**Extracted data**
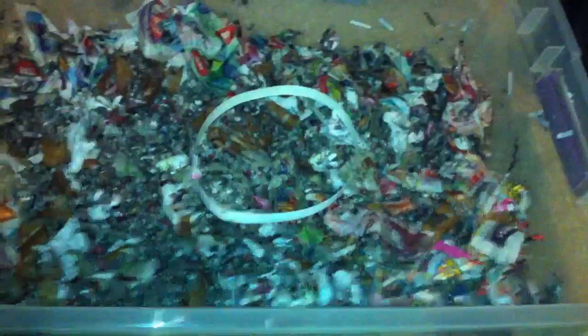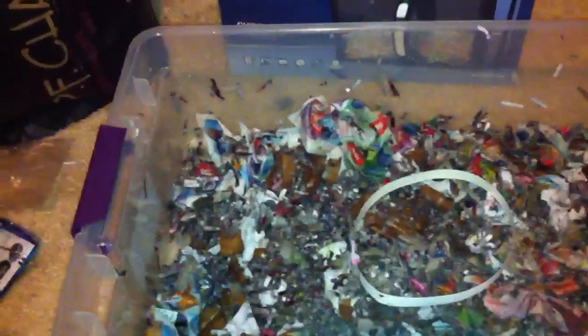This is my new red worm colony. It's pretty much just shredded up newspaper and magazines with lots of water to keep the moisture in. I'm going to put that lid on to keep the humidity up, and the worms are right there — they're doing pretty good.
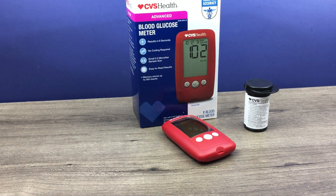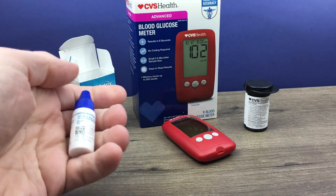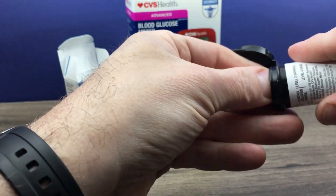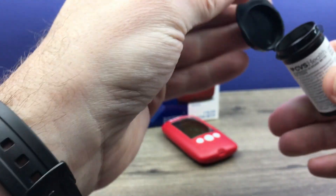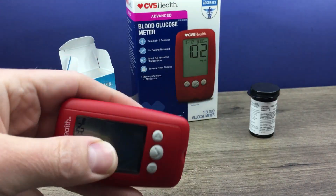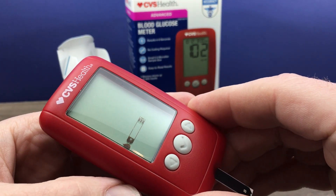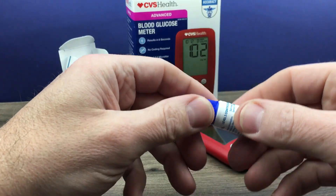So here is our bottle of control solution. First off we can insert a test strip. Always remember to keep the lid closed on that vial when you're not getting a test strip out. Insert that test strip just like you're performing a glucose test. Now that's prompting us for a drop of blood, so we can gently shake the control solution.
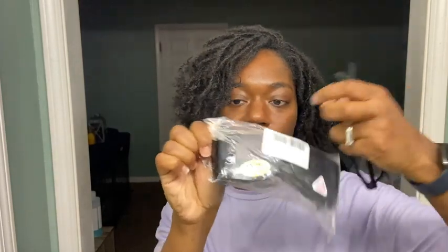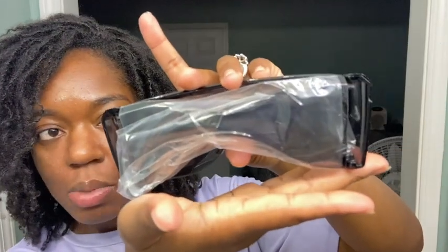Out of the packaging, this is what it looks like. I haven't opened this up yet — this is how it comes. It comes with the back piece with the plastic on there. It didn't come with any directions, so I'm just assuming I stick my glasses in here and then cover them up, or just stick these over my glasses.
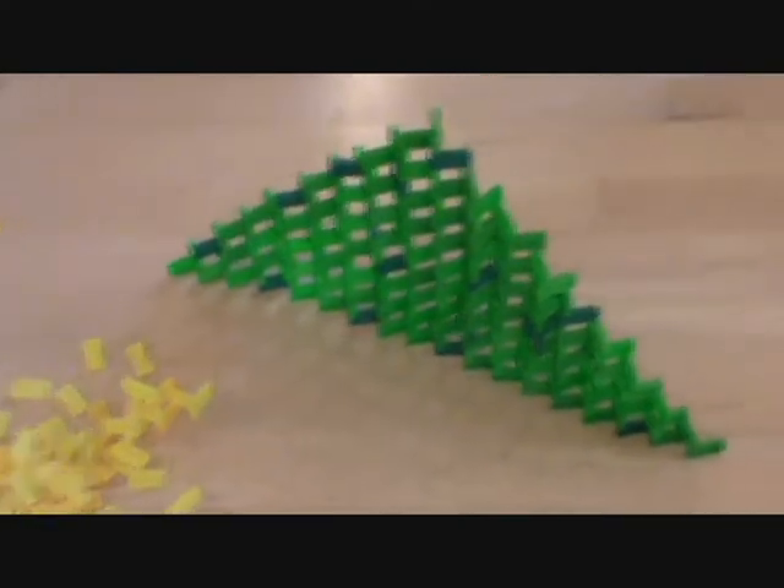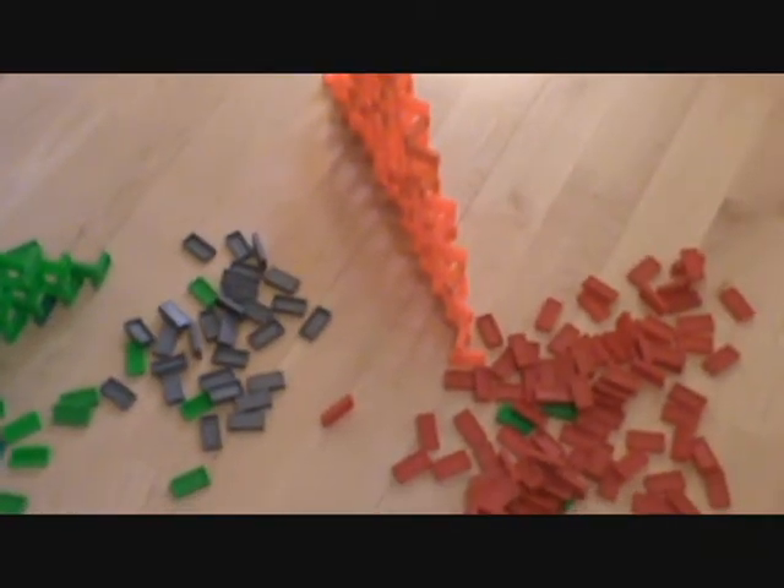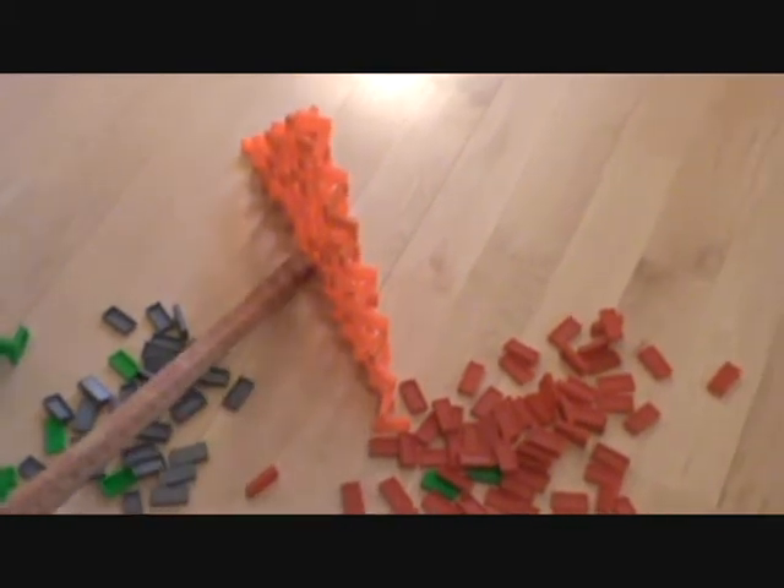Okay, now let's go with the green. It also knocked down the gray and the red, so I guess it is orange.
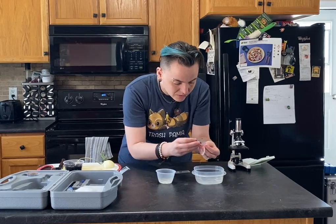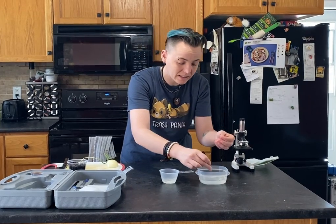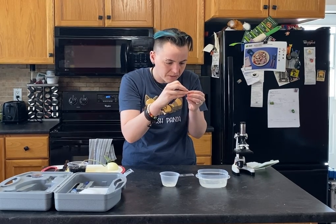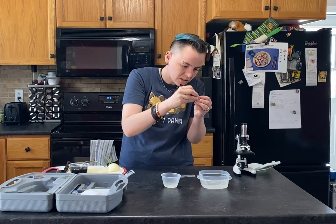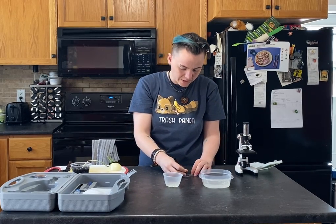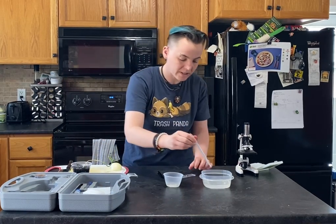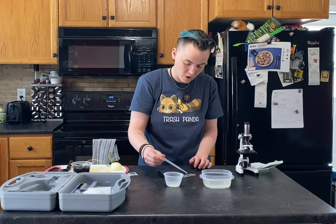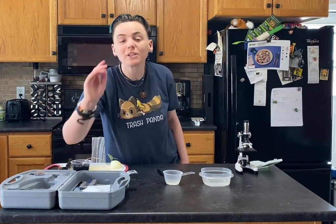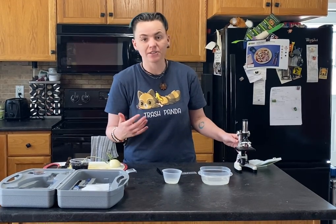We're just going to take our little slices of onion and remove that epidermal skin. It really is like skin that we have. We're going to take it from the underside and just peel it off. So there you go — we have our peeled onion skin. You're going to put it on your slide, then take your pipette and add a little bit of that salt water — just a drop on your slide. You should add a cover slip, because water can leak onto your microscope and cause it to rust and corrode.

**Assignment**
The answer must be the lines above from the line that contains "Okay, now let's" to the final line of the data, word for word, with no pictures.

**Reply to the task**
Okay, now let's go with the green. It also knocked down the gray and the red, so I guess it is orange.
We're just going to take our little slices of onion and remove that epidermal skin. It really is like skin that we have. We're going to take it from the underside and just peel it off. So there you go — we have our peeled onion skin. You're going to put it on your slide, then take your pipette and add a little bit of that salt water — just a drop on your slide. You should add a cover slip, because water can leak onto your microscope and cause it to rust and corrode.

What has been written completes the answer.